From Idaho, we motored north on Highway 93, into Montana and my old stomping grounds in the Bitterroot Valley.  I bored Allison reminiscing about ski adventures gone awry as we passed Trapper Peak, Como and El Cap, Sky Pilot and Gash Point, Saint Mary’s and Saint Joe and finally Lolo.  Looking back, it’s pretty incredible we made it through all those descents relatively uninjured given how uninformed we often were.

Pedaling around Missoula, I was impressed by the places that haven’t changed a bit, like Charlie B’s, Del’s, and the Oxford, and less so by the new developments that are totally different from what I remember.  We didn’t have nearly enough time to catch up with all the people I wanted to see but did manage to fit in a ride with some old pedaling buddies.

As our bike-laden Honda pulled into the trailhead lot an hour out of Missoula we attracted glares from the horse folk who were standing around campfires near their trucks while waiting for the morning sun.  After our bikes were unloaded in the grass one of the cowboys wondered aloud whether bikes were even allowed on these trails.  Isn’t this area Wilderness?  Well, Scott explained, not yet; not Wilderness just wilderness.  The area is one of many in Montana that’s being pushed towards Wilderness designation and when that W gets capitalized bikes will no longer be allowed.  For now though we’re free to explore the hundred-plus miles of trail that branch from the trailhead.

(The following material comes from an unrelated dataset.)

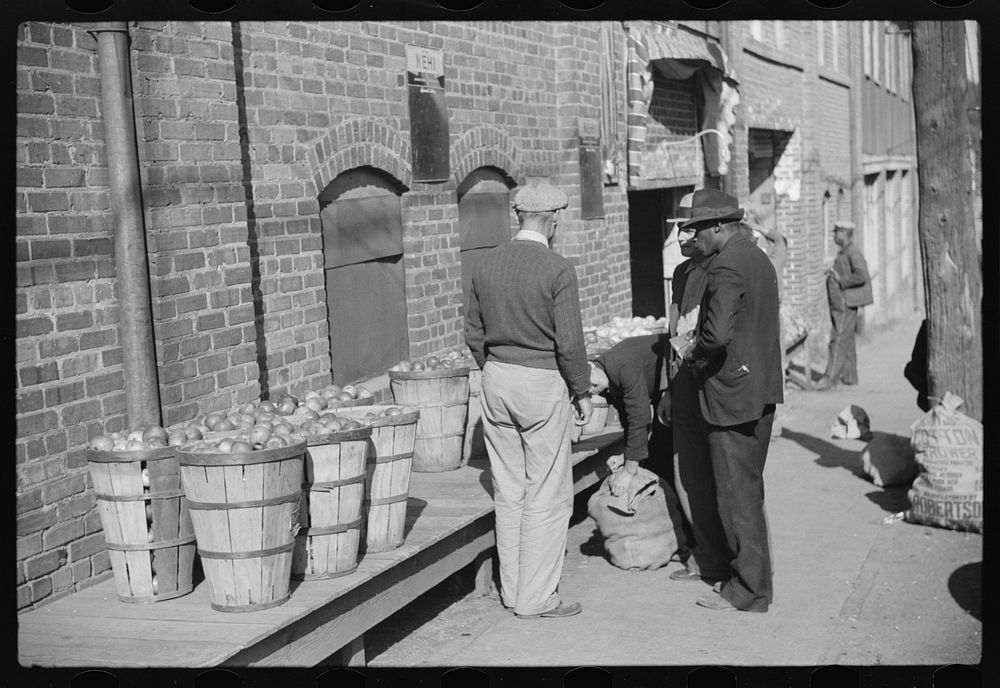 [Untitled photo, possibly related to: Farmer having corn removed from his foot on street outside tobacco warehouse during…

Still a little jelly-legged from our rides the previous days in Idaho, we talked Scott and Sean down from the mega-loop extravaganza they’d been eyeing.  We settled instead on a mellower sub-30 mi jaunt.  The trails in Missoula had dried completely from the week’s rain, but out here in one of the wettest parts of the state the air was still heavy with humidity and the low spots still mucky.

We pedaled up through Doug Fir forests then into stands Larch and Spruce. Next came dark Cedar forests with giant old-growth towers that dimmed the mid-day light into dusk.  My tires bumped over horse hoof prints until we passed the point where they’d turned back.  Here the trail was smoother and only the faint traces of horseshoes remained after days of rain.  Instead crisp prints in the sticky spots were from deer, elk, moose and wolves.  The wolf tracks were especially interesting because there were a lot of them and some of them looked very fresh.  Allison, who’d been bringing up the rear of the group, expressed her nervousness:

Do wolves ever bother people?

Not that I know of, but that was barbecue-flavored sunscreen I gave you, so you never know…

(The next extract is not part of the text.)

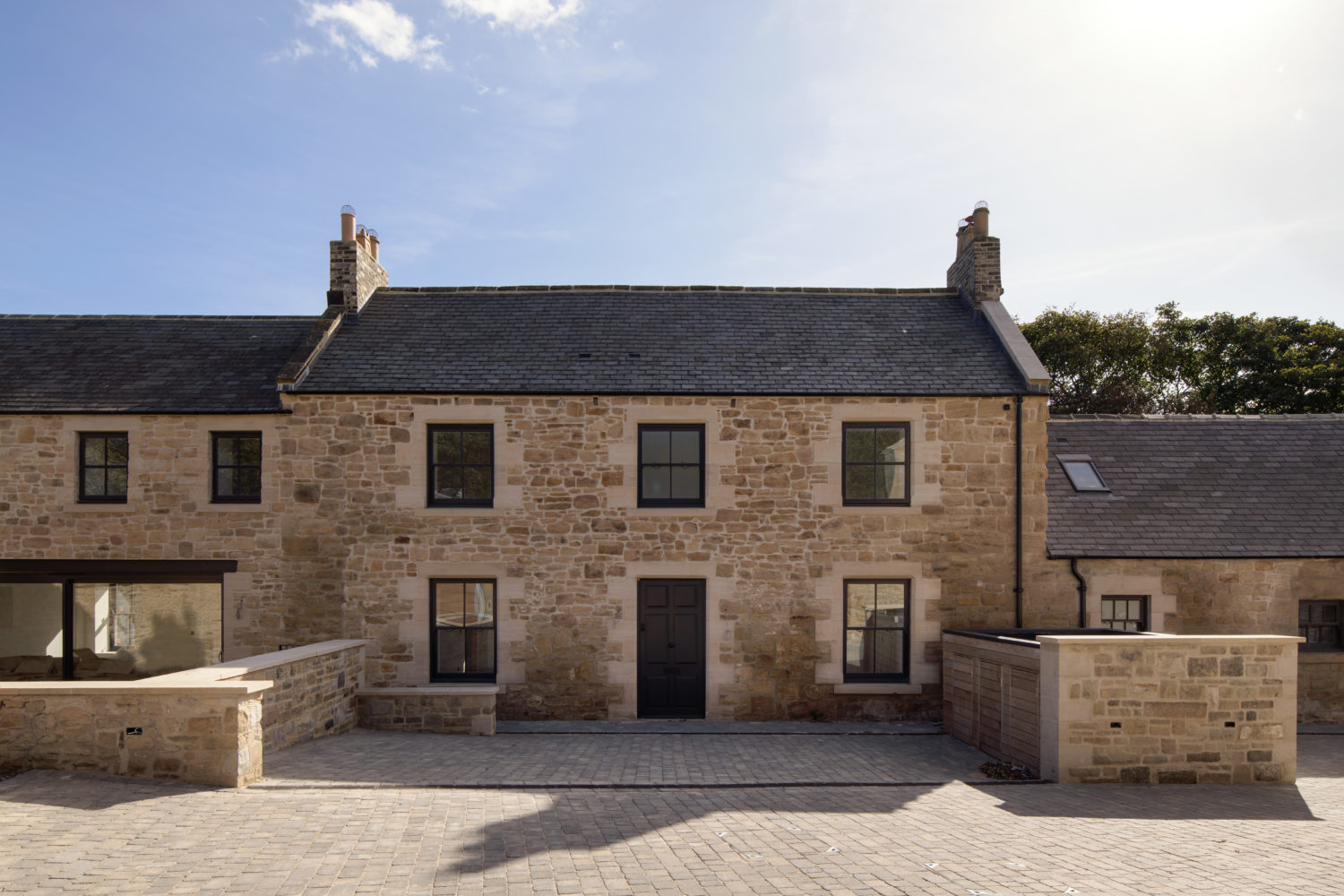 Front of a stone built house with stone walls on each side and blue skies above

The wolves must be fans of dry rubs instead because we never saw them.

Eventually the old growth grew shorter and more spaced as we approached tree line, which is only about 6000′ here.  We crossed the state line into Idaho, refilled empty water bladders at a lake inlet and enjoyed the indian summer sun.  The ride back down was long and tacky.  The yellowing leaves whooshed against my handlebars and arms whenever I’d lean my bike around a turn.  Slick logs, twisting trail, and hidden pedal-height rocks kept our downhill pace in check.

Back at the car with our dirty bikes, canned microbrews in hand, an old timer wearing dark denim wranglers and western boots ambled over to congratulate us on our ride.  Scott’s mountain bike ambassadorship from earlier in the day had already began to pay off.